Tuesday, September 09, 2008

Guess what I'm good at?

Bagging peaches. Yup, that's right. I can bag a mean bag of peaches.

I did that for a good 2 hours before my back started hurting and I got really sick and tired of looking at peaches. And then, as someone put it, I held up the conveyor belt for a bit.

It's really sad to realize how many peaches get put to the side because they are too small, too big, too funky looking, have too much of a peach butt crack, and are cut here and there from the pickers (assuming). Then you have to realize what you can do with a big bag of imperfect peaches, which is, in fact, a lot.

Sadly our standards of fruit were much higher than the food bank's and we were all tossing any slightly bruised or cut peach into the "dump" bin. That is, until the lady supervising us noodle heads told us a bruise is okay and a slight cut? OKAY. So then some of our group broke off to go through the tossed peaches to bag up the "okay" ones.

We're so corporate we made our own QA team.

It was easy yet tiring work. I've always been one for monotonous work, unless it's dusting bins, which I had to do on occasion at a music store I worked at. For whatever reason I hated that. But doing the same thing over and over and over is okay with me. It's refreshing. I have to think but not too much, and I can talk when I feel like it. It's just nice.

What's not nice is having to sort through dumped pantry items and wash down the boxes, containers, jars, whathaveyou, with a mixture of water and bleach. And trying to figure out if it the completely smashed up box was still okay or if the sorta chewed corner was from a rat eating it.

And the pigs.

Did you know there were pigs involved with food banks? I certainly didn't.
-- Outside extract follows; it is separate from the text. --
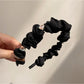 Gifty heart shape rhinestone headband packaged in clear box with branding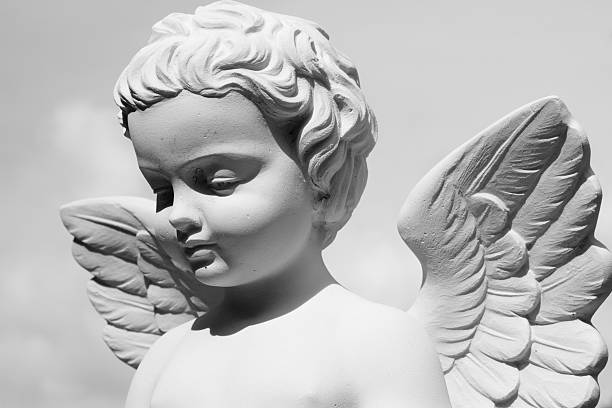 angelic statue detail of sculpture on monumental cemetery in Italy cherub stock pictures, royalty-free photos & images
I'm a born animal lover. So when we were told to put the nibbled food container items into the "pig bin" (and yes, there really was one), except for chocolate because chocolate makes momma pigs abort their babies (why she couldn't just tell us not to put chocolate in the bins and leave it at that, I do not know), I was all, "Oh! PIGS!"

The first item that looked nibbled, I told someone to put it in the pig bin. That's when another food bank worker chided me for wanting to give the pigs food eaten by rats. "No, honey, not food eaten by rats," she said.

Okay. So then, what the heck do the pigs get to eat? Why is there a pig bin???

When I asked that same question, she looked at me like I was completely stupid and said again, "but the rats...not the food eaten by rats."

So I'm still at a loss about that one. I just hope the pigs get to eat.

So what odd things did we sort through? Rogaine, for one. Tons of South Beach Diet bars and powdered Slim Fast. And candy and cookies up the wazoo. You know, family staples.

All in all, it was a good experience. And when Mateo is old enough, we have plans of forcing him to volunteer with us. And maybe by then I'll get the full story behind what the pigs really do eat.

1 comment:

Kmommy said...

That sounds really cool! I need to find some volunteer work to do, and some for my 11-year old daughter too!